The Company is currently subject to claims, potential claims, inquiries or investigations, or party to legal proceedings, in various matters described below. In addition, in the ordinary course of business the Company becomes aware from time to time of claims, potential claims, inquiries or investigations, or may become party to legal proceedings arising out of various matters, such as contract matters, employment related matters, issues relating to its repeater network, product liability issues, copyright, patent, trademark or other intellectual property matters and other federal regulatory matters.

Litigation and Arbitration

Copyright Royalty Board Arbitration—The Company has recently completed the hearing phase of a Copyright Royalty Board (CRB) proceeding to set the royalty rate payable by the Company under the statutory license covering its performance of sound recordings over the XM system for the six-year period starting in January 2007. The Company anticipates that the CRB will render its decision by the end of 2007.
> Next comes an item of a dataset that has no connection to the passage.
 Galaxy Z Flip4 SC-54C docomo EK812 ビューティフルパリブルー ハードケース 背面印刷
The Company and Sirius have proposed initially paying $1.60 per featured play of each post-1971 copyrighted sound recording for this statutory license, which would translate into a rate of approximately 1.20% of each of their expected adjusted gross revenues in 2007 (based on current annual number of featured plays), and increasing the per featured play rate in each subsequent year over the term of the license by the percentage increase in the Company’s and Sirius’ subscribers during the previous year.
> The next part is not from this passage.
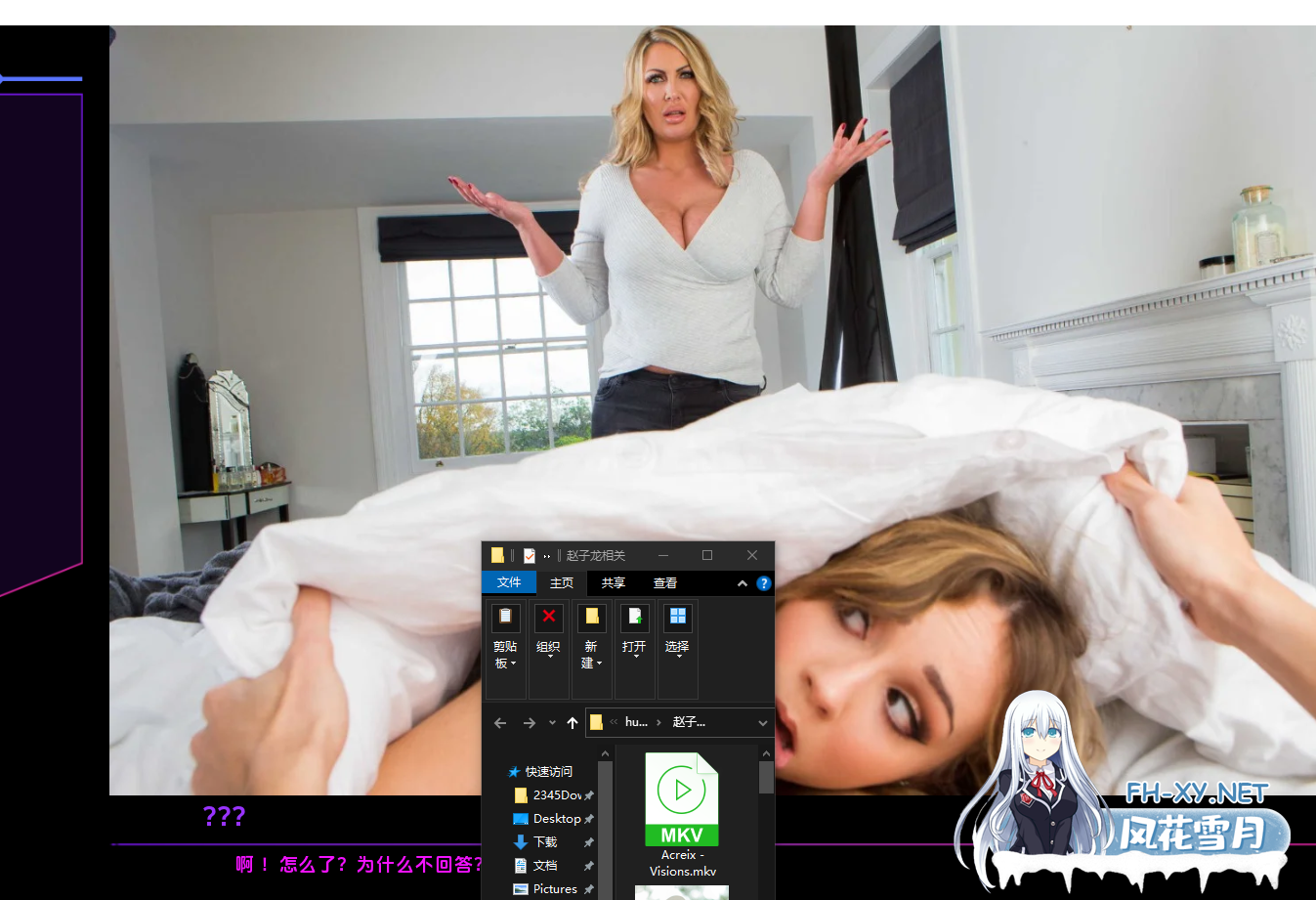 PC+安卓[真人互动肉鸽战斗H凌辱SLG]英雄腐败2v1.75 内嵌汉化动态步兵[868M]-2.png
SoundExchange, a collective operated on behalf of owners of copyrighted recordings, such as the major record labels, has proposed a set of rates (including a per broadcast per subscriber rate), effectively ranging from 8% of adjusted gross revenues at the outset of the term to as high as 23% over the term of the license (adjusted for CPI increases), depending on levels of subscribers attained.

There can be no assurance regarding the ultimate outcome of these matters, or their significance to the Company’s business, consolidated results of operations or financial position.

Separately, the Company has settled the royalty rate payable by the Company under the statutory license covering its performance of sound recordings over XM channels transmitted over the DIRECTV satellite television system, and that CRB proceeding has concluded.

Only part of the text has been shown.